--- ACTION ITEM ---
Copy all lines below containing "subscribe".

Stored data
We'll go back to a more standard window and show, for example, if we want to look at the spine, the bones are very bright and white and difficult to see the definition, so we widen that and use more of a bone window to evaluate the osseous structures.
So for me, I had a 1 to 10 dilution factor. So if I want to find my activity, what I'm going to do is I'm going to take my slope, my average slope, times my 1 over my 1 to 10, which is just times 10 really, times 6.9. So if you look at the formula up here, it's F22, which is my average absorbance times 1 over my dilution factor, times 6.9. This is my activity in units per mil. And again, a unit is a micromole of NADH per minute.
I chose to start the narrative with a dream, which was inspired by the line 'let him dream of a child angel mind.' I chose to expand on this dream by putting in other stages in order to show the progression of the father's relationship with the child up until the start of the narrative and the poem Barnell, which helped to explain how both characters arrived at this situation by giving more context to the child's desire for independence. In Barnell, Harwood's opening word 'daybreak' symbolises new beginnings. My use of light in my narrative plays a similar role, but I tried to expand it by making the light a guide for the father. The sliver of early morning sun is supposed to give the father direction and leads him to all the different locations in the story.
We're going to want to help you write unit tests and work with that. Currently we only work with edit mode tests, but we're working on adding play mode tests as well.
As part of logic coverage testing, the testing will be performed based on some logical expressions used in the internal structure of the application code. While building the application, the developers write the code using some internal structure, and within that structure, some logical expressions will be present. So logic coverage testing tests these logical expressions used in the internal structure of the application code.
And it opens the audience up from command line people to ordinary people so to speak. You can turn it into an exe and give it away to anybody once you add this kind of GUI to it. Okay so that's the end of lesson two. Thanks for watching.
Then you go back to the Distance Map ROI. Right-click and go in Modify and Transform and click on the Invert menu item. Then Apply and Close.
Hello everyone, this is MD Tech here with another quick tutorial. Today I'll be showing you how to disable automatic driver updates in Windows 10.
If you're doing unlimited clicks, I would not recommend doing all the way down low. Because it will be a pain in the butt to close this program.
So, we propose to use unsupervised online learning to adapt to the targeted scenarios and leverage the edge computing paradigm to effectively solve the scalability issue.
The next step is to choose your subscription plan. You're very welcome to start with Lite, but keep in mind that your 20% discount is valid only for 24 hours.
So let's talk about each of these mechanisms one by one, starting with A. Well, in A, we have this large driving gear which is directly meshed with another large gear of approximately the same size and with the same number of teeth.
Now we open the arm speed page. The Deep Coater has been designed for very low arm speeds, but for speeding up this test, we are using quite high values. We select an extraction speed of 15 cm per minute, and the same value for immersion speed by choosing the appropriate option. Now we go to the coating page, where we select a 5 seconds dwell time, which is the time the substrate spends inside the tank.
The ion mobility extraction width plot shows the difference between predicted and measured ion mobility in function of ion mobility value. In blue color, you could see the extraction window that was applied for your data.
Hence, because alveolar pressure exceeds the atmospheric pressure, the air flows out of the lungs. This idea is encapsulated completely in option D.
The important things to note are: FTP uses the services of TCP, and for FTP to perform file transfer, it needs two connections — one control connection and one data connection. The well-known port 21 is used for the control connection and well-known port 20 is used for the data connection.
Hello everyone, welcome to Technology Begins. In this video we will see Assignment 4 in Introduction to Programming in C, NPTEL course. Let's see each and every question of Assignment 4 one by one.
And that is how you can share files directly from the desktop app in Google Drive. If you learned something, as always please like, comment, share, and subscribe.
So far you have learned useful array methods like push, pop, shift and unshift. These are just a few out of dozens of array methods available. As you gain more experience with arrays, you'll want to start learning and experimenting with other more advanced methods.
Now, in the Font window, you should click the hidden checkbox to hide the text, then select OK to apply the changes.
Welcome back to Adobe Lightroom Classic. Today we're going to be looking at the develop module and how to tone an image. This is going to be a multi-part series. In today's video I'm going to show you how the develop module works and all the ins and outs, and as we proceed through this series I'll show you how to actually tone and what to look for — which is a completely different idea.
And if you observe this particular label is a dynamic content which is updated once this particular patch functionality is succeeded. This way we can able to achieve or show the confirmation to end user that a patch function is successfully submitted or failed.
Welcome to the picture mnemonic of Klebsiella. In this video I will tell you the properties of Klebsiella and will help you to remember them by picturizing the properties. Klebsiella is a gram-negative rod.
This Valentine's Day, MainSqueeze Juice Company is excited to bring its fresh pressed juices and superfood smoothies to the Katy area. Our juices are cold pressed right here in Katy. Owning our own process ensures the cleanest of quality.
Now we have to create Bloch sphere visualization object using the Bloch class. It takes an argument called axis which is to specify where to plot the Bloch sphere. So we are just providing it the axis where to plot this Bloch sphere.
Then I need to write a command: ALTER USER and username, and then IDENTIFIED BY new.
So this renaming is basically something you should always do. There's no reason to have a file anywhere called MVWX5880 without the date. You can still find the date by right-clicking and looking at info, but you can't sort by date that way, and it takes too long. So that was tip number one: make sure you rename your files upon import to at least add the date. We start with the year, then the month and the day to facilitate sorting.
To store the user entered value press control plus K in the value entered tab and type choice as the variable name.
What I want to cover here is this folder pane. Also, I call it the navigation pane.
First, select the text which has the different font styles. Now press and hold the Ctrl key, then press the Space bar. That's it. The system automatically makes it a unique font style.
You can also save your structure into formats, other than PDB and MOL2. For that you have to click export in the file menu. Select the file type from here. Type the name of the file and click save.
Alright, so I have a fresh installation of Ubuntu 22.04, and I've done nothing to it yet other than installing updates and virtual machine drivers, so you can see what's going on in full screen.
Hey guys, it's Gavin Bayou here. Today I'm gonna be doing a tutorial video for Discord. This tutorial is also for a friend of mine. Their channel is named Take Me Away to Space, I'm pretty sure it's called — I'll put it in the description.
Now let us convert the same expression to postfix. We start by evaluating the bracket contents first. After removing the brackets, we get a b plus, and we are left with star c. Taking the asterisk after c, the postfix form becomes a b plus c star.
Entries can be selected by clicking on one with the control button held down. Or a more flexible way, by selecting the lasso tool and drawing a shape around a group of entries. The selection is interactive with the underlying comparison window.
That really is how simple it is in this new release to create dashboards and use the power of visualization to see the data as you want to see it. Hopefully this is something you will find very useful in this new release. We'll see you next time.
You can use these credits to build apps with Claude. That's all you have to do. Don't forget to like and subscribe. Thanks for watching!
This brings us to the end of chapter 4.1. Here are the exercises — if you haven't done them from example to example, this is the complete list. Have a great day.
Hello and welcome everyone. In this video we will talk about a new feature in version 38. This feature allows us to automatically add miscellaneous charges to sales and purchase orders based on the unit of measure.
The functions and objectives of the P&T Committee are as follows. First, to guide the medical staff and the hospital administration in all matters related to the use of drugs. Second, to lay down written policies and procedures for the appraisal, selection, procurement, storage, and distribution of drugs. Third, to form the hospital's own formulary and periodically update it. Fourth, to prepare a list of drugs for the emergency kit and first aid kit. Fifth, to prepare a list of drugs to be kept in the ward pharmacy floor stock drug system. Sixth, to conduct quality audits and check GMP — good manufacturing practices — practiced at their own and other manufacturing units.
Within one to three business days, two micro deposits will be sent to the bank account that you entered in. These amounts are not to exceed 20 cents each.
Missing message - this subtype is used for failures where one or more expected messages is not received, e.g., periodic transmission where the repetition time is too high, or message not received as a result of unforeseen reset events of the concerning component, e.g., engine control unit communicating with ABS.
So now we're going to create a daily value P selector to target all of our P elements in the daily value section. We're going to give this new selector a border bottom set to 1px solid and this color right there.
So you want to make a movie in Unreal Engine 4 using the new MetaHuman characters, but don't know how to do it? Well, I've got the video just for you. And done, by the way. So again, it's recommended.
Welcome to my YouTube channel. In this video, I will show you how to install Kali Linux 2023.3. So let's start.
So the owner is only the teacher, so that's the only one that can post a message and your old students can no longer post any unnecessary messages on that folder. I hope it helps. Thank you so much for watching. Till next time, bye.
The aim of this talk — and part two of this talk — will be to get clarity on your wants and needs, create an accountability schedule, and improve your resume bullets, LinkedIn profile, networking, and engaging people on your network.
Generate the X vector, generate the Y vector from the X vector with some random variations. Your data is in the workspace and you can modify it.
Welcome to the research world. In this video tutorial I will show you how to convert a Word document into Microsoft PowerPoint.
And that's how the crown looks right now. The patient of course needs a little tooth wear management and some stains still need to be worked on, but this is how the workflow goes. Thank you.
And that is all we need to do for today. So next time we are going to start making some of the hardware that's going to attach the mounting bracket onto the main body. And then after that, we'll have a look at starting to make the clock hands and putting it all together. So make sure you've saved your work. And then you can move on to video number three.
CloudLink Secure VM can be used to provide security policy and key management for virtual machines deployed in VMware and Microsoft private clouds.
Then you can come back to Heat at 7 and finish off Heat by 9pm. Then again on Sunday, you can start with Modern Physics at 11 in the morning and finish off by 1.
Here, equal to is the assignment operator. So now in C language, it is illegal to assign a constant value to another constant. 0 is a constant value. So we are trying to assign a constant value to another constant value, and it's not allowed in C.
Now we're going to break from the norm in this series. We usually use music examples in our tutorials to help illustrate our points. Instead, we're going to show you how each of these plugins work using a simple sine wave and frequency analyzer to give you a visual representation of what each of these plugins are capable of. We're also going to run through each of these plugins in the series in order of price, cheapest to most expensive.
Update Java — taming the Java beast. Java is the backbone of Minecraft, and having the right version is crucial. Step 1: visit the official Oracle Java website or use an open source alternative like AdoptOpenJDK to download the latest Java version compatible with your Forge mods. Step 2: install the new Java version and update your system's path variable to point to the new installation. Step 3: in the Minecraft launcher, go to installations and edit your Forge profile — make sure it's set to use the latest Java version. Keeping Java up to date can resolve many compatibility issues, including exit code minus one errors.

--- ANSWER TO THIS TASK ---
And that is how you can share files directly from the desktop app in Google Drive. If you learned something, as always please like, comment, share, and subscribe.
You can use these credits to build apps with Claude. That's all you have to do. Don't forget to like and subscribe. Thanks for watching!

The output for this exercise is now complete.